Speaking at a press briefing yesterday, Commissioner of Forests, James Singh, said that there was need for a more structured and coordinated approach to such marketing.

The staff of the Commissioner is to prepare a project proposal which would also include environmental services. Studies, Singh said, would have to be done to determine the cost of those services.

These discussions came out of the 34th session of the International Tropical Timber Council (ITTC) and related meetings held in Panama from May 12 to May 17. These meetings were attended by Singh, Minister of Fisheries, Other Crops and Livestock, Satyadeow Sawh and acting Director-General of the Iwokrama International Centre for Rainforest Conservation and Development, Dr. Graham Watkins.

The ITTO’s lobbying for funding for Iwokrama also came up in the discussions. Iwokrama received more than US$700,000 earlier this year in assistance for the development of management plans, feasibility studies and inventories and is in the process of applying for funding for a new project. “In September, we will be completing the ITTO programme on sustainable development,” a senior Iwokrama official said yesterday. He added that the new proposal would be for another US$1M. The centre recently took cost-cutting measures in the wake of the cessation of its core funding.

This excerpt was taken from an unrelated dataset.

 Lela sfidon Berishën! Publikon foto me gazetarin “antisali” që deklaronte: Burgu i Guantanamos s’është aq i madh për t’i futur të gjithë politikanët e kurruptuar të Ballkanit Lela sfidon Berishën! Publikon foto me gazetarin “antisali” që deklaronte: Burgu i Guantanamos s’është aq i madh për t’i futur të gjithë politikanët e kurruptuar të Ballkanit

Peter van der Hout of the Forestry Training Centre said that the ITTO had contributed towards the development of flipcharts, manuals and other materials based on the Reduced Impact Logging (RIL) project. Training in this regard is to continue at Barama Company Limited during this month. He said a quantity of Caterpillar equipment was expected to arrive in the country and a field site at Manaka on the Essequibo River would be completed by the end of August.

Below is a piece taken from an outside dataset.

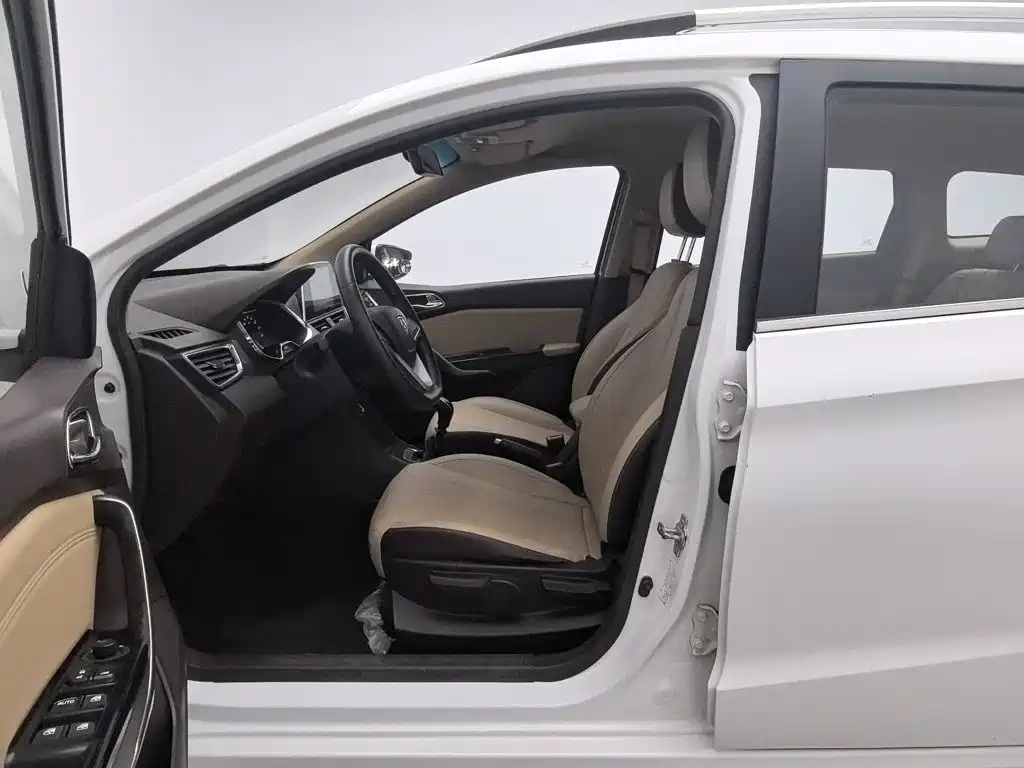 Baojun 310W — миниатюра 10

Commissioner Singh said that two companies, Barama and Variety Woods, were moving towards being certified by the end of the year. He said the GFC had developed a Code of Practice which encompassed social and environmental conditions. He added that the GFC would do extensive monitoring to ensure that concessionaires comply with that code.

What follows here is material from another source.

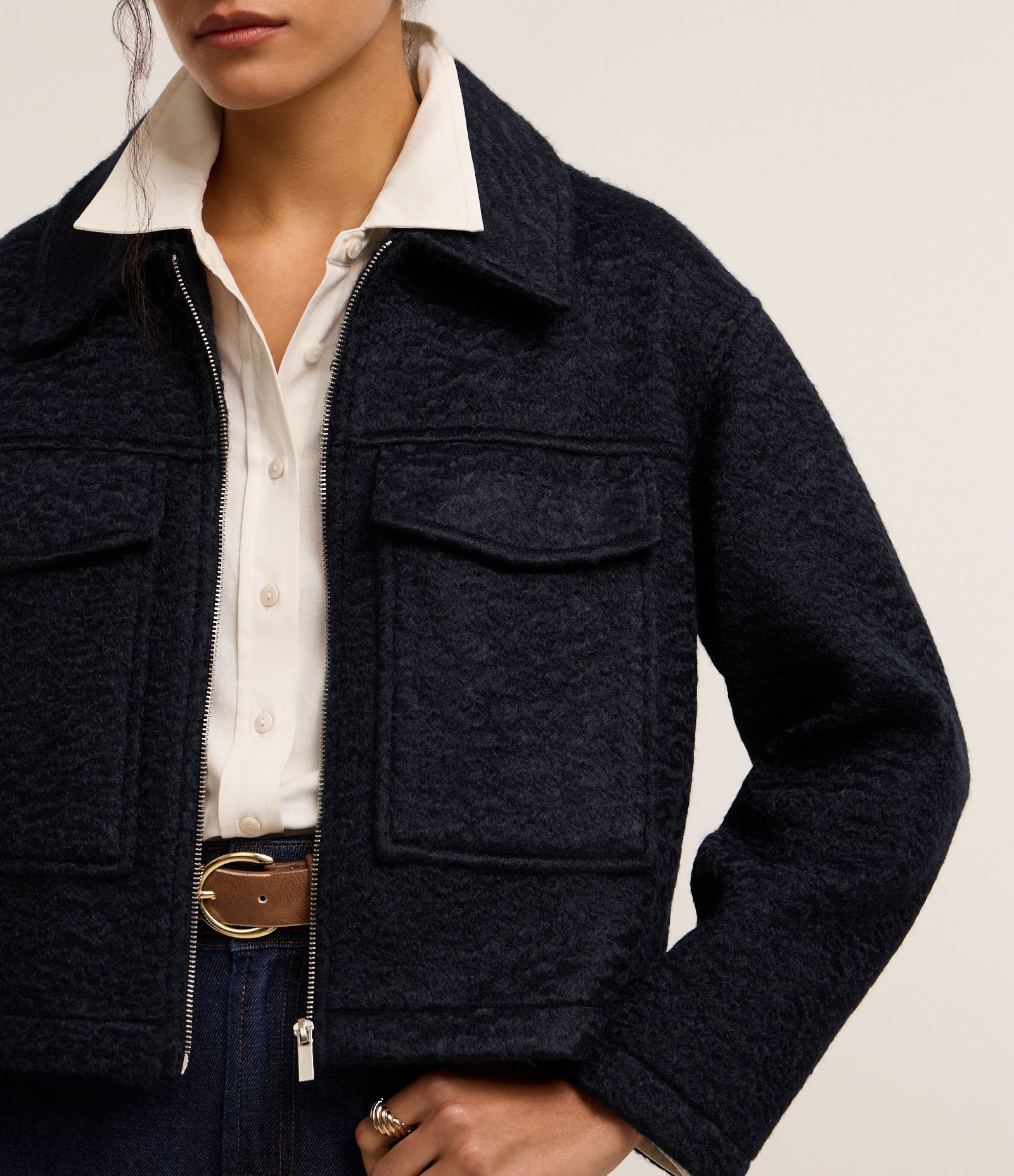 Jaqueta Boucle com Bolsos Grandes e Fechamento por Zíper Azul Escuro 3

When asked about the human resource challenges of monitoring very large concessions, Singh said routine and impromptu visits were made to sites to ascertain whether sound environmental principles were being employed in the logging process. He said some large concessions had resident inspectors. Persons in charge of concessions have to submit yearly management plans against which they would be monitored. He also said there was an entire division of the Commission dedicated to monitoring.